The NSTA has sanctioning powers to fine operators up to £1 million and said it was satisfied the penalty was appropriate.
In this case, the fine went to Repsol North Sea Limited – a subsidiary of the wider firm – which had losses in 2022.
However, the fine is tiny compared to parent firm Repsol Sinopec Resources UK’s 2022 profits of $601.5m – while the ultimate controlling party, Spain’s Repsol, banked net income of 4.2 billion euros.
Retired offshore worker David Bain said the operator will be “pumping 10 times that amount”, while engineer Derek McGillivray said it was “embarrassing, both the continued breaches and the ineffectual fine”.
‘Equivalent to a policeman observing a crime about to be committed’
Stephen Jewell, managing director of Well Decom Limited, criticised the “paltry fine” as well as the conduct of the regulator.
He said the NSTA could have warned Repsol that its consent was due to run out, and said it’s the “equivalent to a Policeman observing a crime about to be committed but not acting until an arrest can be made”.
Repsol had been operating with six-month long flaring and venting consents, which expired June 30, 2022.
The NSTA told Repsol on July 1 that it no longer had consents – and Repsol reapplied on the same day, according to the sanction notice.
However incomplete information meant the application process took one week, and finally granted on July 8 – with Repsol having flared and vented in the intervening period.
Mr Jewell suggested the NSTA could have warned Repsol ahead of time.
“The NSTA champions the concepts of transparency and collaborative working in the industry; yes, Repsol was obliged to ensure it did not forget its deadlines, but surely NSTA would have expected an application to be submitted several weeks prior to the expiry.

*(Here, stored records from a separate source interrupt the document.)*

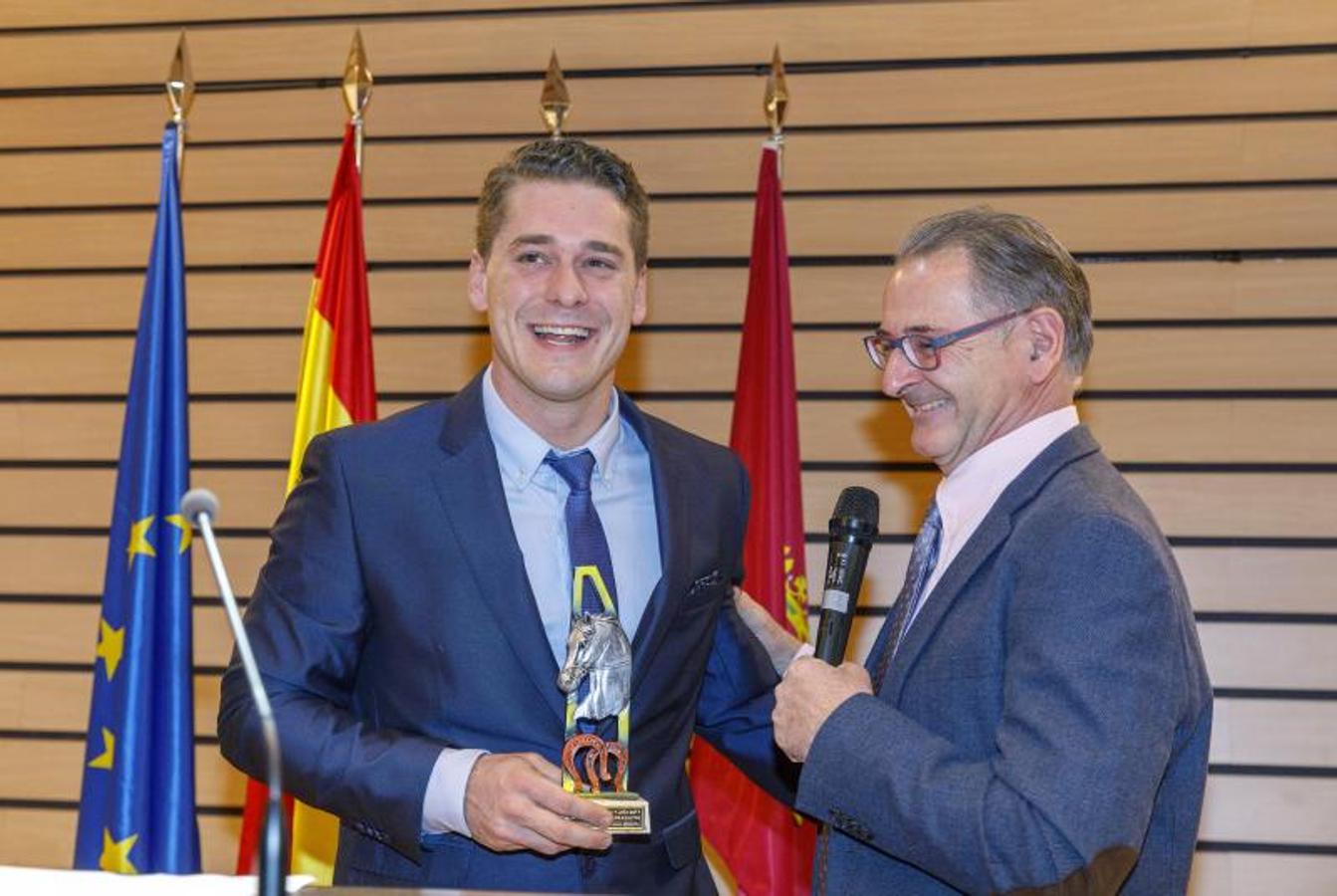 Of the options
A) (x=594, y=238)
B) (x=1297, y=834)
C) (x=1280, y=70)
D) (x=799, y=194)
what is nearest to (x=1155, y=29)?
(x=1280, y=70)

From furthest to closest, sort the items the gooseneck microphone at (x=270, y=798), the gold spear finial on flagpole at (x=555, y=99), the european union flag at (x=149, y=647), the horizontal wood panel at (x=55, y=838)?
the horizontal wood panel at (x=55, y=838)
the gold spear finial on flagpole at (x=555, y=99)
the european union flag at (x=149, y=647)
the gooseneck microphone at (x=270, y=798)

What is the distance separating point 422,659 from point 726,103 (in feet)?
8.92

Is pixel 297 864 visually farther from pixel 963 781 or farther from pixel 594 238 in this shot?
pixel 963 781

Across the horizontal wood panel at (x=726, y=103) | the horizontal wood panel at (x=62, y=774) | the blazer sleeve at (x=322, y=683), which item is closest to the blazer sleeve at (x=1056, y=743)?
the blazer sleeve at (x=322, y=683)

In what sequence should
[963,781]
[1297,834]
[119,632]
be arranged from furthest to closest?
[1297,834]
[119,632]
[963,781]

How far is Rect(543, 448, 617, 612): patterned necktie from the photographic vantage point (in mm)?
2166

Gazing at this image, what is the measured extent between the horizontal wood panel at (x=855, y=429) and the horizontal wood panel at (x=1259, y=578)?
0.25 meters

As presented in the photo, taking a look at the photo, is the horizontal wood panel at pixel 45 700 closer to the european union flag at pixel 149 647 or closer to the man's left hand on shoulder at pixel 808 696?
the european union flag at pixel 149 647

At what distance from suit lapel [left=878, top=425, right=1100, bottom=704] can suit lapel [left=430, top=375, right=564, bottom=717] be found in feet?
1.55

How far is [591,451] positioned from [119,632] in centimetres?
187

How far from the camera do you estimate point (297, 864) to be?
3.76 meters

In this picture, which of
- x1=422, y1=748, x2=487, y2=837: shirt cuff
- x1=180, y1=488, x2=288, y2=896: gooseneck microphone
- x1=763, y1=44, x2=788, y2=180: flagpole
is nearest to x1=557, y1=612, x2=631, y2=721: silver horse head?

“Surely, in the spirit of transparency and collaboration, NSTA could have kindly requested if Repsol was planning to submit an application by the deadline, perhaps a week before?”
Repsol has accepted responsibility for the incident, and the sanction notice stated its trackers monitored volumes – not dates.
It’s understood the NSTA consents team numbers fewer than 20 people.
An NSTA spokesperson said: “We are satisfied that the financial penalty imposed on Repsol North Sea Limited is appropriate. Rightly, the onus is on licensees to ensure that they manage and adhere to their licence obligations.”